Dataset entries.
____________
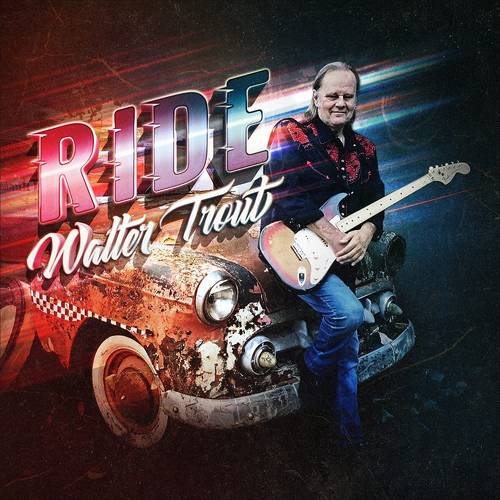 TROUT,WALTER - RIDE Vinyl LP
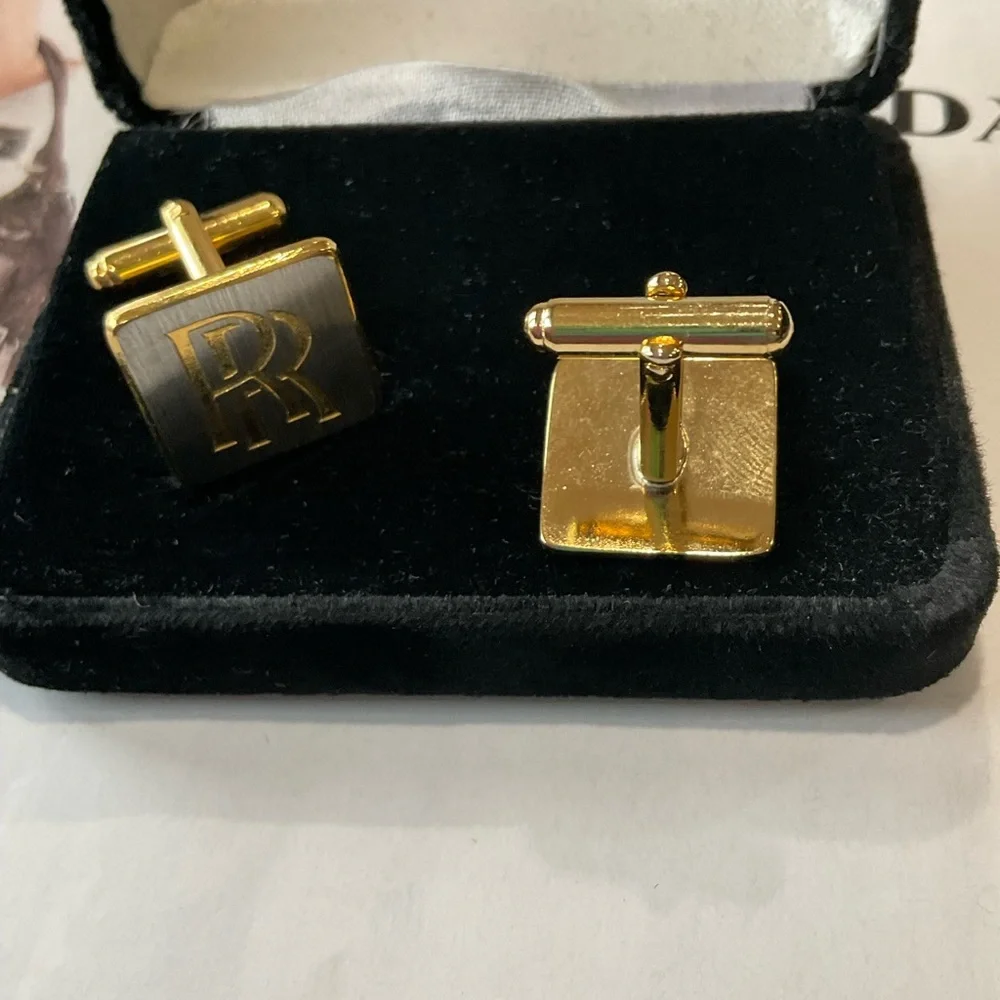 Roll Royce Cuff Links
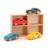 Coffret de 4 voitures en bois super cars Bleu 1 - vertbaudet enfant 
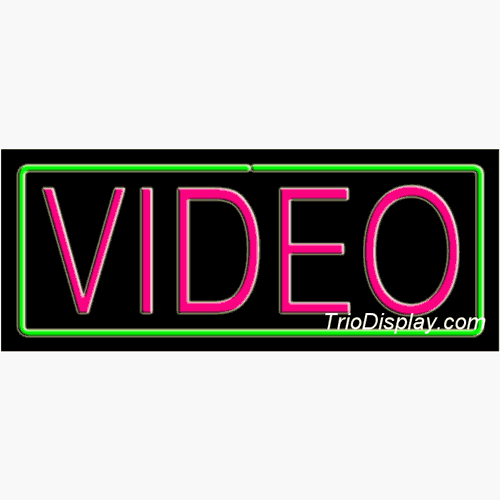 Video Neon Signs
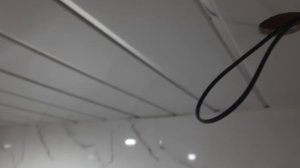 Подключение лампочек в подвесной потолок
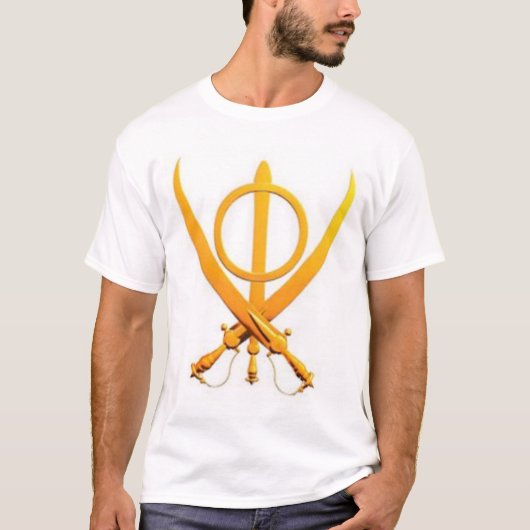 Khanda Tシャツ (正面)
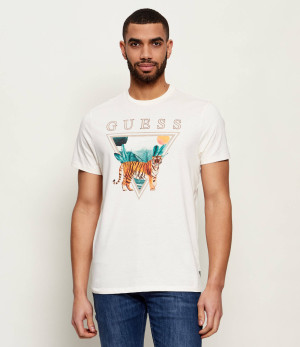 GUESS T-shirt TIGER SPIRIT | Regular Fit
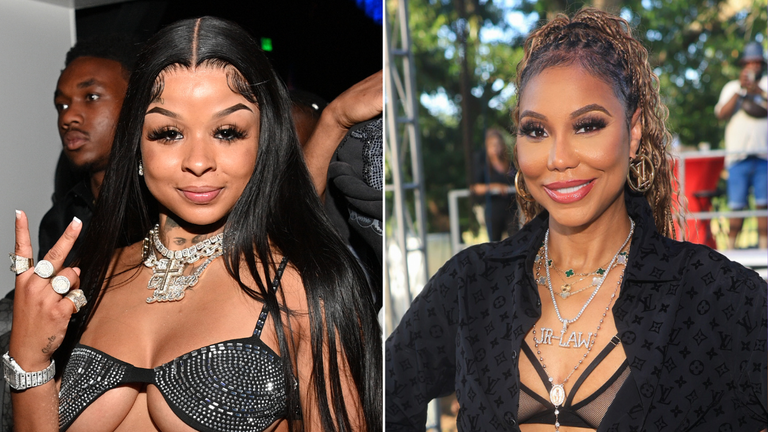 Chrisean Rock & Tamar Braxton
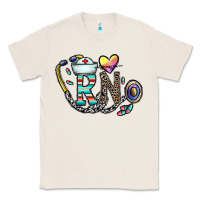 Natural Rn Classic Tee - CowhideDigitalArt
____________
Your instructions.
Reproduce each line of the records exactly and exclude any images.

Result of the exercise.
 TROUT,WALTER - RIDE Vinyl LP
 Roll Royce Cuff Links
 Coffret de 4 voitures en bois super cars Bleu 1 - vertbaudet enfant 
 Video Neon Signs
 Подключение лампочек в подвесной потолок
 Khanda Tシャツ (正面)
 GUESS T-shirt TIGER SPIRIT | Regular Fit
 Chrisean Rock & Tamar Braxton
 Natural Rn Classic Tee - CowhideDigitalArt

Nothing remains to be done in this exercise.